Yesterday evening we saw a wonderful view of the annular solar eclipse just south of Lubbock, Texas. This was my first solar eclipse and even though clouds obscured our view of the maximum "ring of fire" portion of the eclipse, it was a spectacular sight. It was good that we had an eclipse because the storm threat that we were targeting in that area was never realized. A good convergence boundary formed and intensified quite a bit, but it seems the "cap" (warm layer of air aloft) was too strong to get any good storms going. There was one small storm that formed to our east, but it quickly dissipated since it was moving into cooler air.
This morning we're waking up to some very good news. Last night's model runs, particularly of the Rapid Refresh, were quite pessimistic about today's setup in Northeast New Mexico and the western Texas Panhandle but early this morning things changed around considerably. The main difference here that I've noticed is the amount of moisture that will be available in this area. For example, the 4z run of the RAP model late last night had dew points near 50 degrees in Northeast New Mexico. The 13z run of the same run this morning has dew points from 60 to 65 degrees. That's a huge difference! Right now the dew points in the northeastern section of New Mexico are in the mid to upper 50's, so the newer runs of the RAP model with the increased moisture are looking good since higher dew points will move in this afternoon.
Having these higher dew points is so important because this moisture is pure thunderstorm fuel. Putting more moisture into the air near the surface increases instability because you have more latent heat contained in the air as it rises. As such, the CAPE (instability) forecast on the RAP model has responded very positively to the model's higher "correction" in dew point this morning and we're looking at a situation where instability should be quite good at just under 3000 J/kg in most spots around Northeast New Mexico, parts of Southeast Colorado, and the western Texas Panhandle. This is pretty good!

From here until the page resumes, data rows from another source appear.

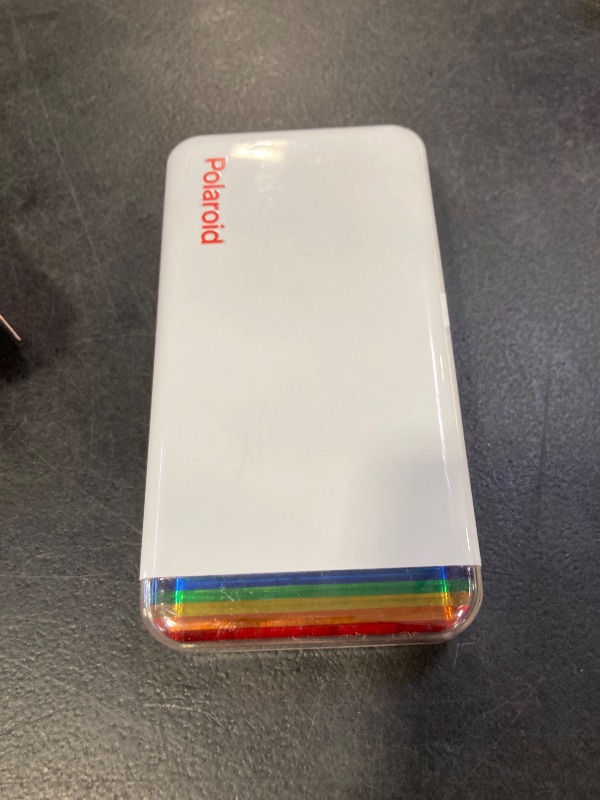 Photo 1 of Polaroid Hi-Print - 2nd Generation Bluetooth Connected 2x3 Pocket Photo Dye-Sub Printer - White Printer Only (9128)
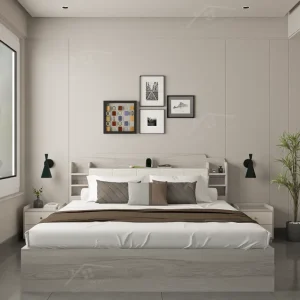 Giường Gỗ Công Nghiệp Ggcn080 (1)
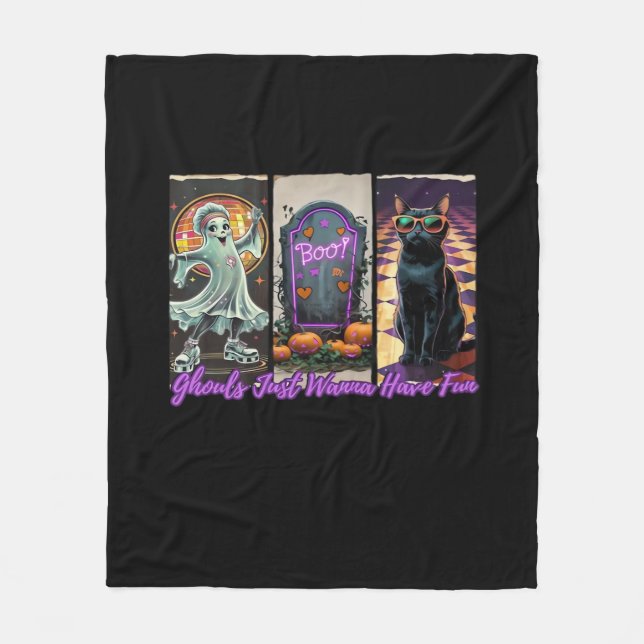 Ghouls vill bara ha Roligt Sloth Stil Fleecefilt (Framsidan)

Now that we've cleared moisture and instability for take-off on this event, let's go over what the winds will be doing. The change in the surface wind forecast between last night and this morning hasn't been as great as the change in dew point, but we're still seeing some differences. Winds today will mostly be out of the south-southeast or southeast in the region, with some places especially in Northeast New Mexico seeing a more easterly wind vector than what models were showing yesterday. Storms today will be forming in what we call upslope flow, so having more easterly winds blowing up the higher elevations in this region should create an ample source of lift. This should also increase wind shear a bit due to a contrast with the northwesterly winds aloft at 500 mb (18,000 ft) and create the potential for more organized, isolated storms. When you couple helicity, which is spinning in the atmosphere that takes wind shear to create, with the increased instability that we'll be seeing in a mathematical formula, you get an index called the Energy Helicity Index (EHI). I usually don't look at indexes and parameters too much since they get in the way of looking at the basics behind a storm setup, but EHI is one I do like because it's simple and gives you a decent idea where a tornado threat may set up since helicity and instability are so important. Values last night were slim to none on the models for EHI in our target region, but today with the increased moisture creating more instability we're seeing a marked upswing in forecast values to 2 or more in places.

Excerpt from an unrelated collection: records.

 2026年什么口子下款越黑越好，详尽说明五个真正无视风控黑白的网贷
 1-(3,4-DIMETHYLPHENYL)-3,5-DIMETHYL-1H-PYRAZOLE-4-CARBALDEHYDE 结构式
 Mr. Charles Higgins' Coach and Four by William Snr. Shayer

Even though these values are higher than previously thought for today, we're still not looking at any sort of severe weather or tornado outbreak here. What we are seeing is increased potential for an isolated, organized chance for severe weather in this region that may carry a bit of a tornado threat with it. Right now we're monitoring current conditions across the area and picking out where storm formation may first occur. We drove through some storms this morning on our way from Lubbock to Amarillo as you see on radar there to the right, but those are clearing and the majority of the western Texas Panhandle and Northeast New Mexico is now clear from the rain. A pretty shallow cloud deck is hanging around in Northeast New Mexico at the moment, but there should be time to burn that off and create instability from the heating of the day this afternoon.

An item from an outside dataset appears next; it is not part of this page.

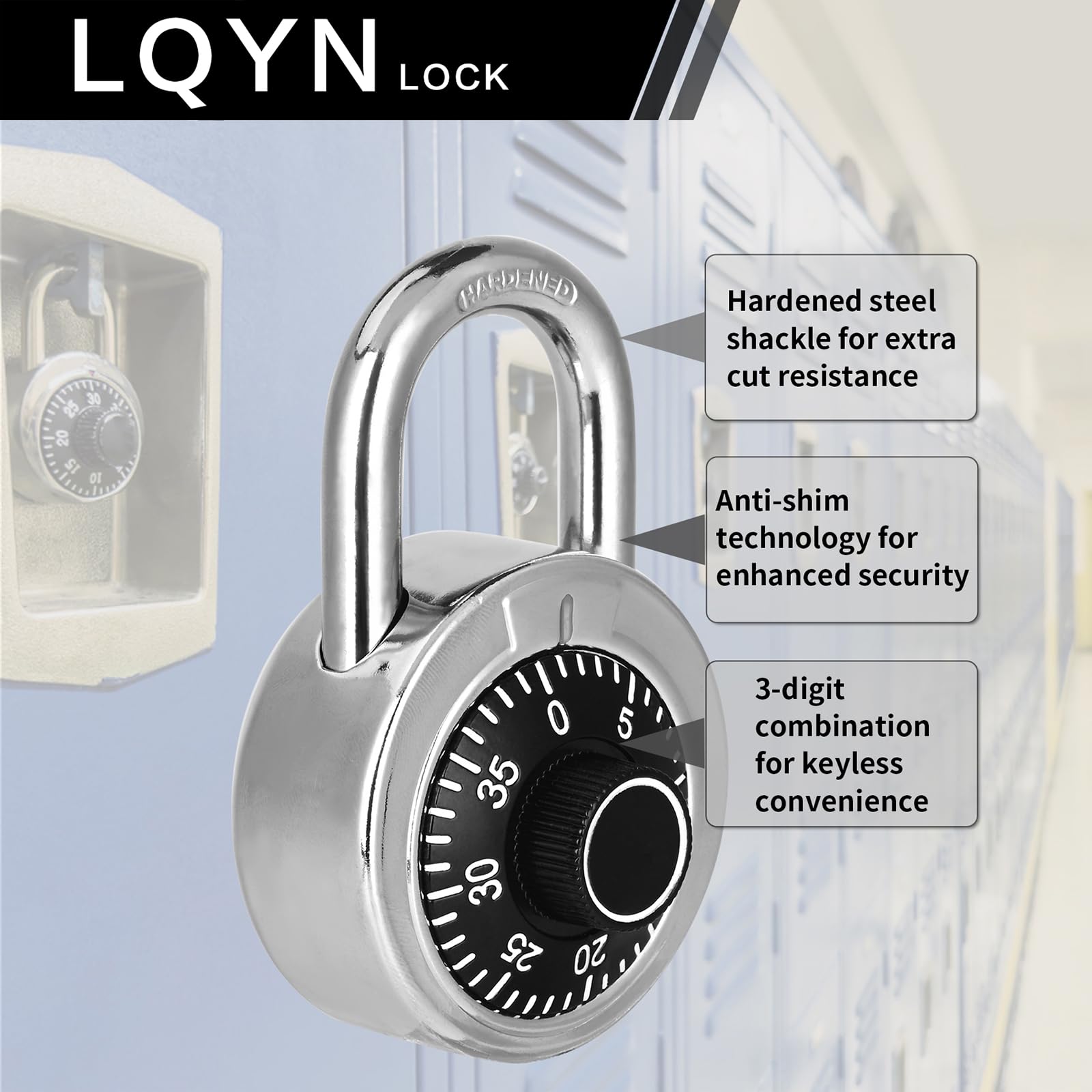 LQYN stainless steel shackle close-up emphasizing durability and rust resistance.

Taking all of these factors into account, the Storm Prediction Center has issued a Slight Risk for severe weather in portions of New Mexico, Colorado, Texas, and even the extreme western Oklahoma Panhandle. The Slight Risk includes a 2% tornado risk due to the increased shear and instability that's expected this afternoon that could create some supercell storms. I'm not a big fan of the northwesterly winds aloft at 18,000 feet today because you generally want southwesterly winds up there to bring in drier air aloft and enhance wind shear a little bit more, but this will have to do today. We've seen decent storms with this kind of upper-level wind situation before so it's not enough to rule anything out. It's nice to be able to chase on a day when we thought we would not be able to, so anything we see today will be icing on that cake!